The Origin of the Intrinsic Human Ridiculousness – Astutillo Smeriglia

In coma è meglio[🡕], re-posted in 2022 under my suggestion

Translated from Italian by me (WTFPL).

The biggest tragedy of humans, let’s even say the tragedy that constitutes the essence of their existence itself, is that the more they try to be serious, the more they look ridiculous. This is particularly clear in those people who feel like highlighting their supposed seriousness with specific costumes (suit, uniform with medals, tunic and aspergillum, etc.); aren’t they funny? But even forgetting about these extreme cases, how hilarious are those who never joke around? Never, not even a small self-mocking hint to how ridiculous it is to never make a joke.
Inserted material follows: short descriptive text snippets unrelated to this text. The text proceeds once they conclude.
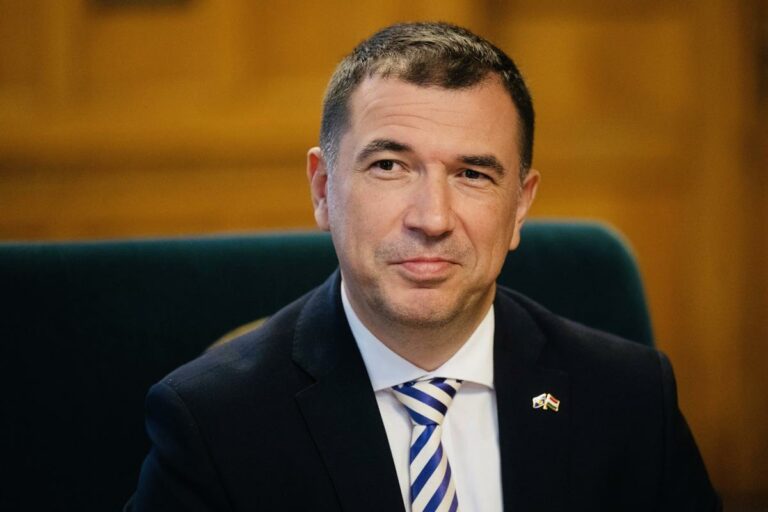 Excelentísimo Señor Delfín Pllana, Embajador de la República de Kosovo en Hungría 1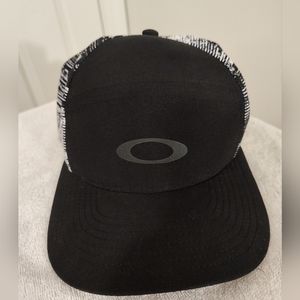 Oakley brand Shade Me black and white cap/hat, new with tags, 2012 rare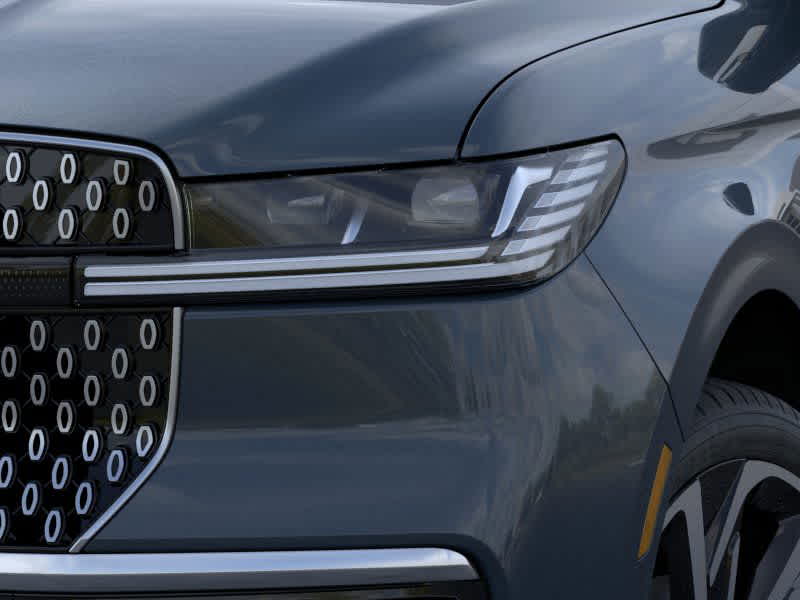 new 2026 Lincoln Navigator car, priced at $108,335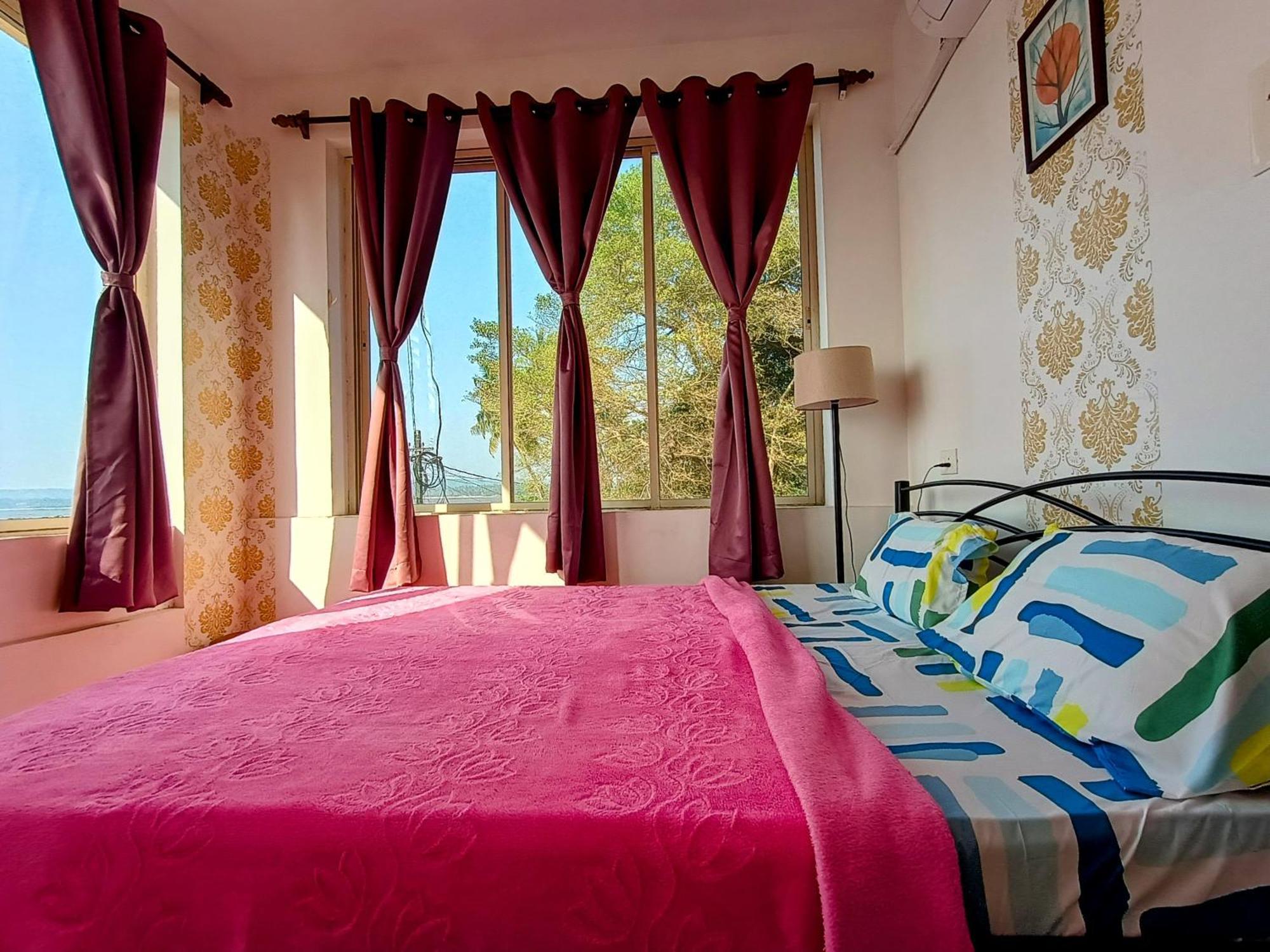 Gs Home On The Bay - Super Sea View Glass Studio Apartment Vagator Extérieur photo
Aren’t they an unlimited source of belly laughs?
They are.
Why?
Good question. The short answer is: I don’t know.
Now onto the long answer.

In the past, I’ve always taken for granted that the cause of all this involuntary human ridiculousness were death. Of course, I’m not talking about death as an event, in fact all animals die, even hamsters, and they are not ridiculous at all.

Hamsters

What’s funny about death is not the passing, but the stubborn will that humans have, this innate wish to remove death from their life. You can notice that, for example, when one says “passed away” instead of “dead”. It’s not tact, it’s the attempt to tamper with reality using words, like when we say “I love you” instead of “I would like to breed with you.” Or take God: how hilarious is a poor mammal well conscious that it is going to die, that asks an infinite being (of its own fabrication) to make it immortal like him? Isn’t that ridiculous?
It is.
Isn’t it fun to listen to all those people talking in full seriousness about infinity and afterlife, and then to watch them as they run to their physician like everyone else as soon as they have a tummy ache?
Hilarious.
However… this explanation of the human ridiculousness has never convinced me 100%, I’ve always found that there was something missing. Like I’ve said before, death itself isn’t funny, in fact, it’s a sorrowful event, we could easily call it tragic. The idea that a person spends his/her whole life selling, say, socks, watching soccer matches and making children in the groundless hope to keep something of oneself alive after one’s death, instills empathy, not amusement. We agree on this, don’t we? Thinking about it, this enthusiasm of humans for the infinity even though they are conscious that they are doomed, has something heroic about it, not fun. Or maybe heroic and ridiculous at the same time, like Captain America, the superhero with the most hilarious costume in the world (it’s not a criticism, that’s his charm).
So, why are people so funny when they try to be serious, to the point that there is nothing funnier in the world than a person who never says something funny?
After a long deliberation, I’ve arrived at the conclusion that the cause of all this is not death, but poop. I know, I’m sorry, but the fact alone that simply naming poop is taking away all the seriousness from what I’m saying here, actually confirms what I’m saying already.
This fact that humans need to poop, and that they actually strive for pooping daily or else they start to have a feeling of discomfort that in the long term can ruin their day, is something that doesn’t quite match with seriousness. Poop, exactly like death, has been removed from the normal conversation between human beings, even though the reasons for their suppression are different: death has been removed because it takes away meaning from existence, while poop because it makes it funny. It’s quite difficult to take seriously someone who’s giving lessons in morality to crowds if we imagine him/her sitting on the toilet. And contrary to death, which gets to be really removed from human awareness, poop gets to be removed only from conversations, but everyone is always perfectly aware that the person we have in front of us, whoever that is, poops. Every one of us, when we shake hand with someone, know well that the hand has previously cleaned the butt of its owner, some hours before. We take care of our attire, we adorn our body with multicolored symbols of seriousness, we use pretentious words full of “listen here how serious I am”, but then we always end up on the toilet taking a dump, every day, or at least we hope that we will.
It’s this in particular that makes the human being funny: pretending that we’re not that type of person that takes a dump every day, when everyone knows, of course, that we do, even if we say “metaphysics”, “dialectics”, or “phenomenology”.
So… how can you discuss serious topics without sounding hilarious? Well, I don’t have a definitive answer to this, but I can at least say that a method – that won’t maybe solve the situation, but could at least improve it – is to stop pretending to look serious.